Cocaine consumption is associated with more complications and a 10-fold higher in-hospital mortality among patients with acute coronary syndrome (ACS), report Spanish investigators. “The findings were astonishing due to their magnitude,” says lead researcher Antoni Bayes-Genis.

The highest level of cocaine consumption in Europe is reported in Spain, where 8.3% of the adult population have taken the drug. Although cocaine causes known cardiovascular complications, its effect on in-hospital evolution of ACS was unknown.

The investigators included questions about cocaine use in a questionnaire to 479 patients aged ≤50 years admitted to hospital with ACS from 2001 to 2008. Urine tests for cocaine were performed in 403 patients. The prevalence of cocaine use tripled in this population during the study period, reaching 21.7% in 2008. Acute cocaine users (4–5% of patients), as defined by medical history or a positive urine test, had larger infarct areas, lower left ventricular ejection fraction, more-frequent tachycardia and more-severe heart failure than nonacute users or nonusers, which resulted in a substantially worse prognosis.
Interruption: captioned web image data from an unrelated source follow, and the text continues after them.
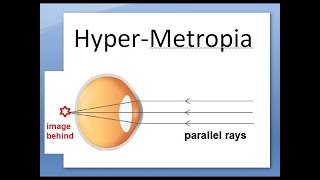 Ophthalmology 044 b HyperMetropia HyperOpia long sightedness Shot silk appearance pseudopapillitis [upl. by Dduj23]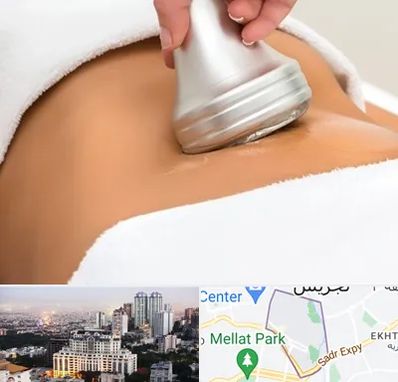 دستگاه لاغری در الهیه 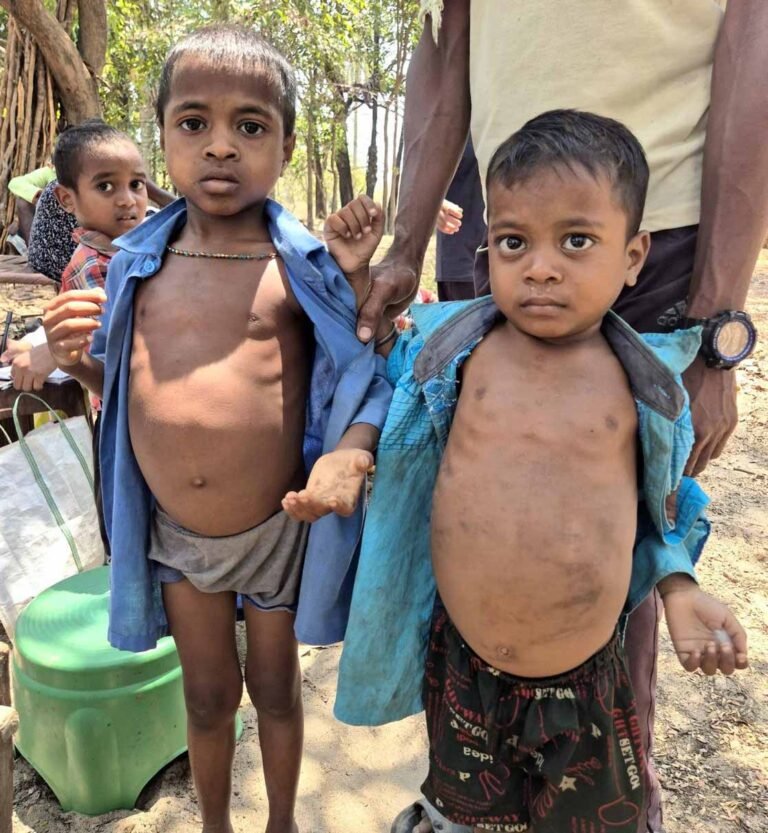 मुख्यमंत्री स्वस्थ बस्तर अभियान बना जीवन रक्षक, माड़वी नन्दे और सुमड़ी को मिली नई जिंदगी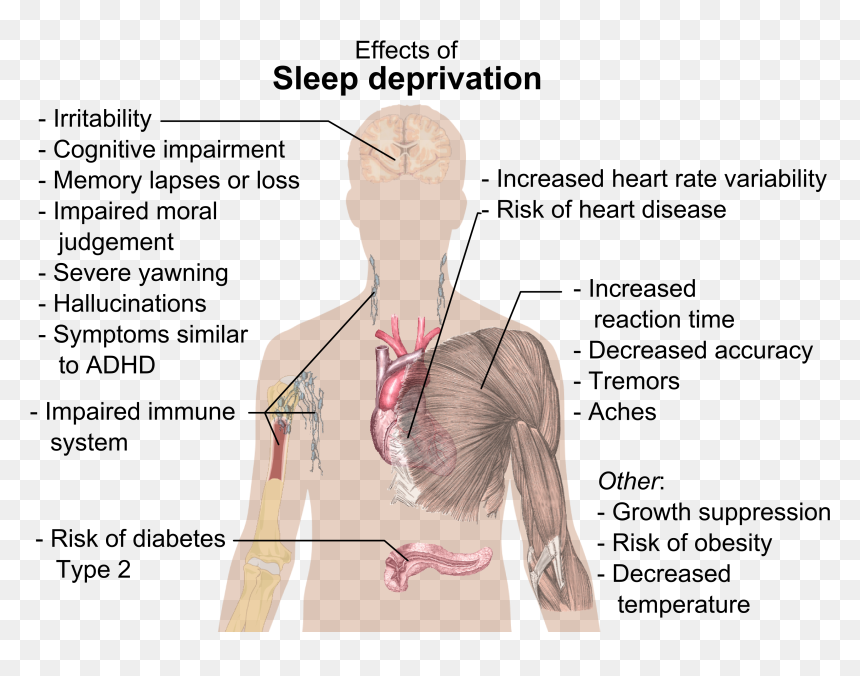 Effects Of Sleep Deprivation Diagram, HD Png Download - loss.png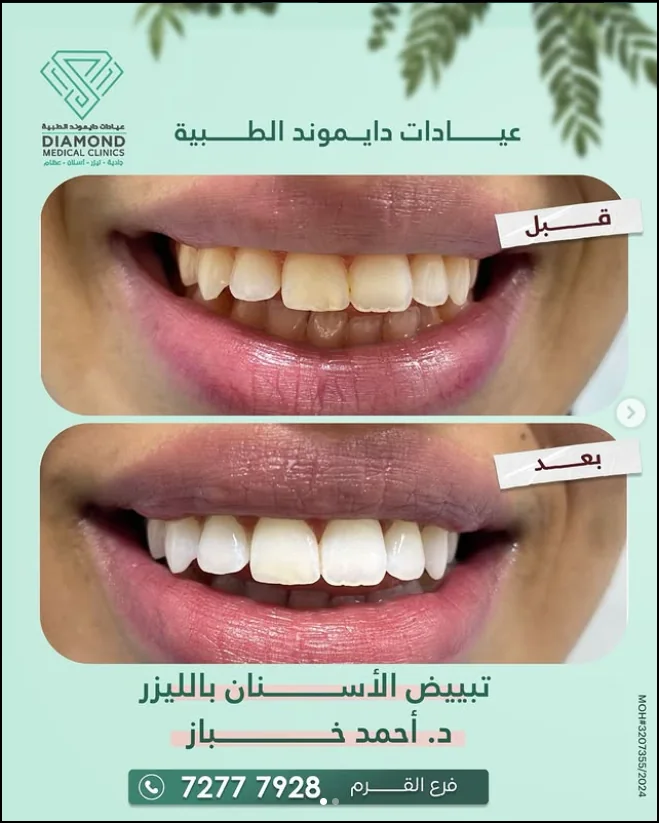 تبييض الأسنان — ابتسامة أكثر إشراقاً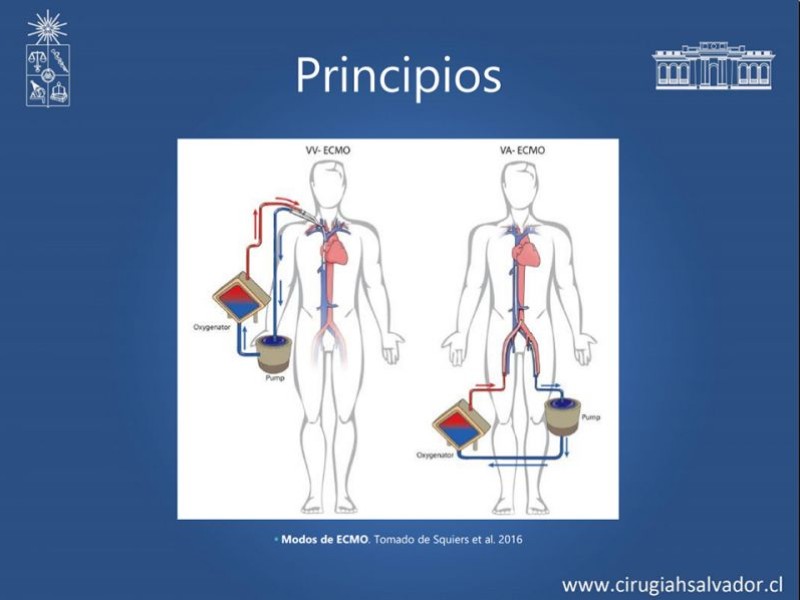 Diapositiva 24 de VAFO v/s ECMO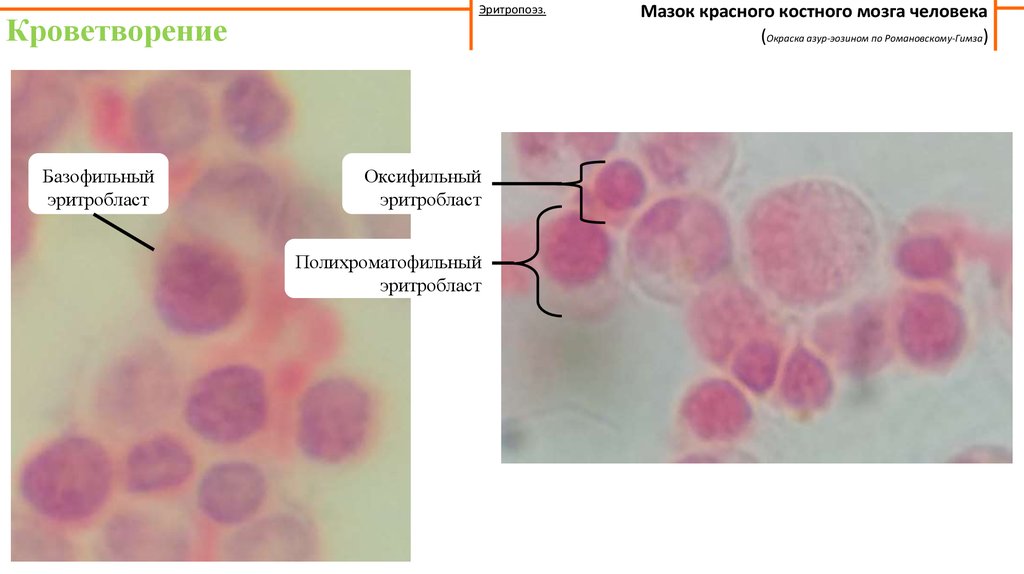 Красный мозг препарат. Мазок красного костного мозга окраска по Романовскому Гимза. Эритропоэз в Красном костном мозге. Срез красного костного мозга гистология. Мазок красного костного мозга препарат гистология.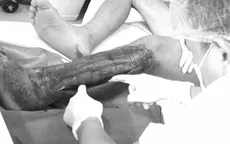 Hoại tử nguy kịch do sai lầm khi xử lý vết thương tại nhà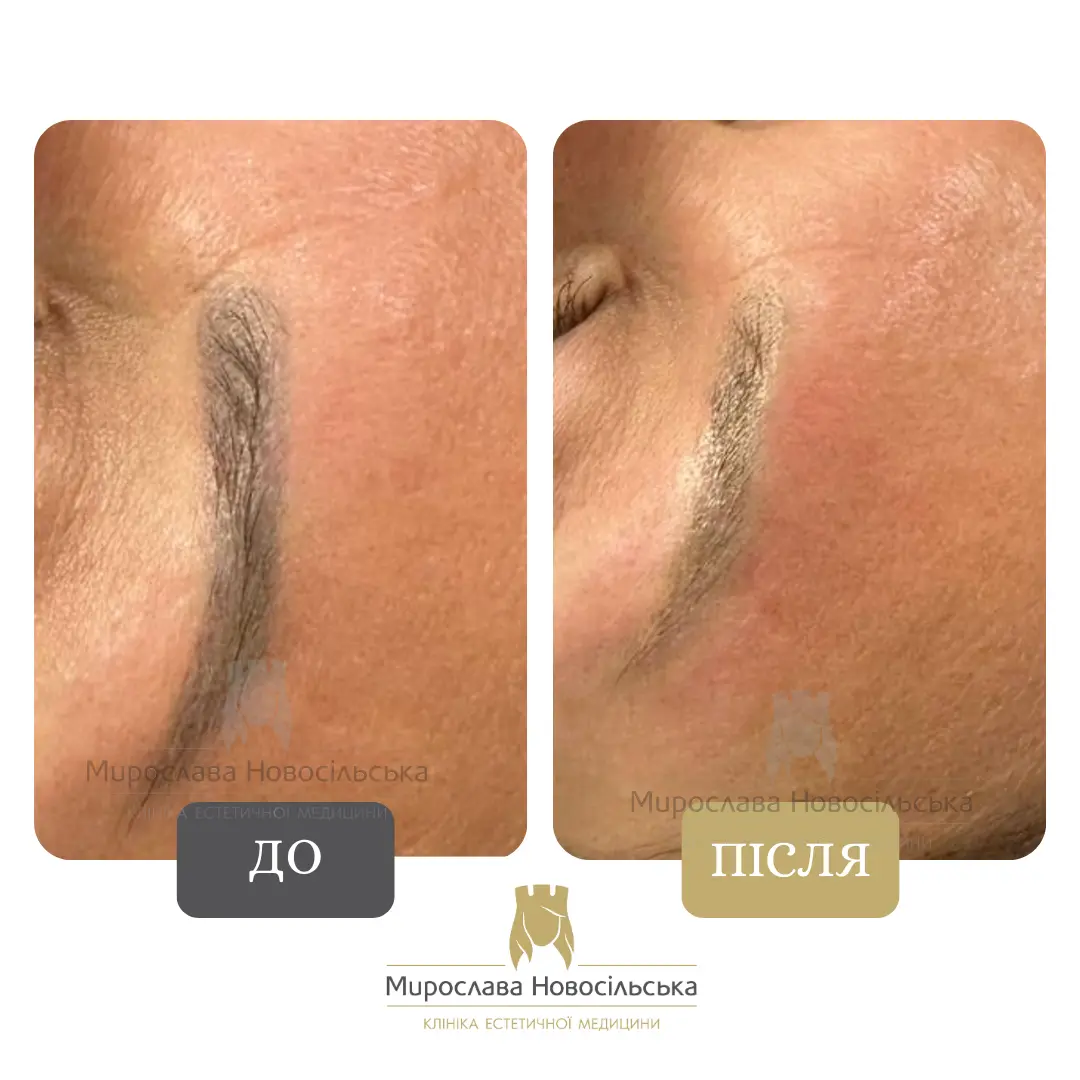 Лазерне видалення татуажу брів, фото 4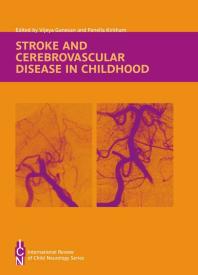 Stroke and Cerebrovascular Disease in Childhood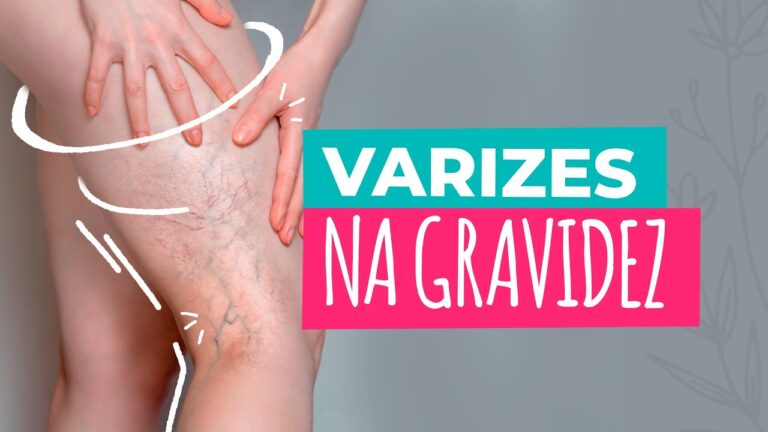 Dicas para Evitar Varizes na Gravidez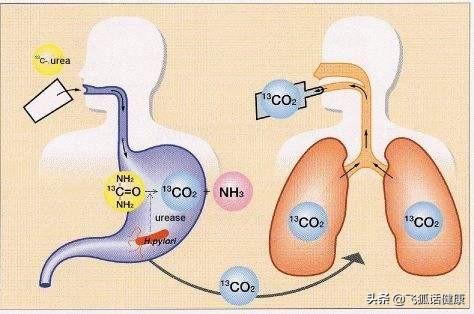 幽门螺杆菌hp值多少正常，幽门螺杆菌感染“面面观”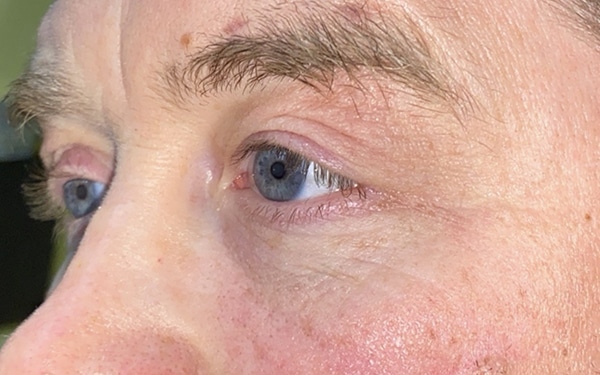 Eyelid Lift (Blepharoplasty/Ptosis Repair)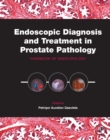 Endoscopic Diagnosis and Treatment in Prostate Pathology : Handbook of Endourology - eBook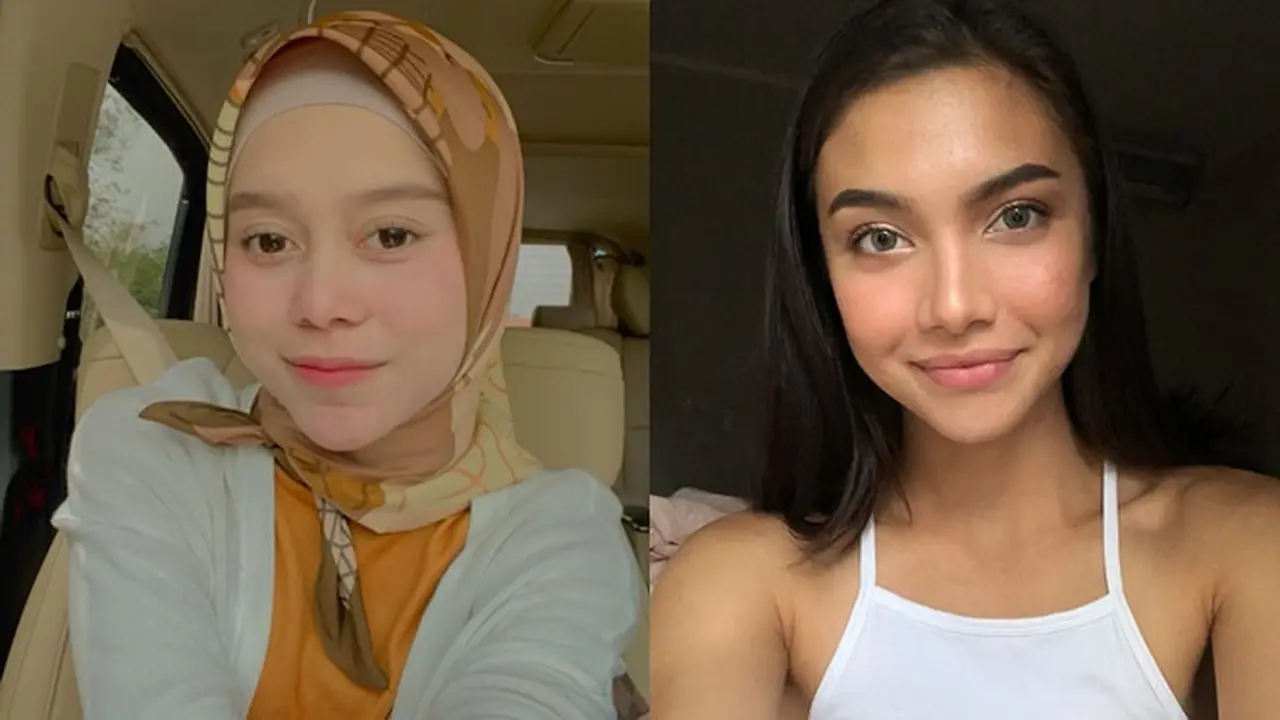 6 Seleb Ini Pernah Unggah Foto saat Wajah Berjerawat, Akui Tak Malu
Although limited in size and to a single hospital, the researchers hope their study increases awareness of the harmful consequences of cocaine consumption. In addition, they suggest that routine urine tests in all patients with ACS ≤50 years could help identify cocaine users and treat them more effectively. Bayes-Genis also calls for β-blockers to be reconsidered for treatment of cocaine users with ACS, because of their useful antiarrhythmic and anti-ischemic properties.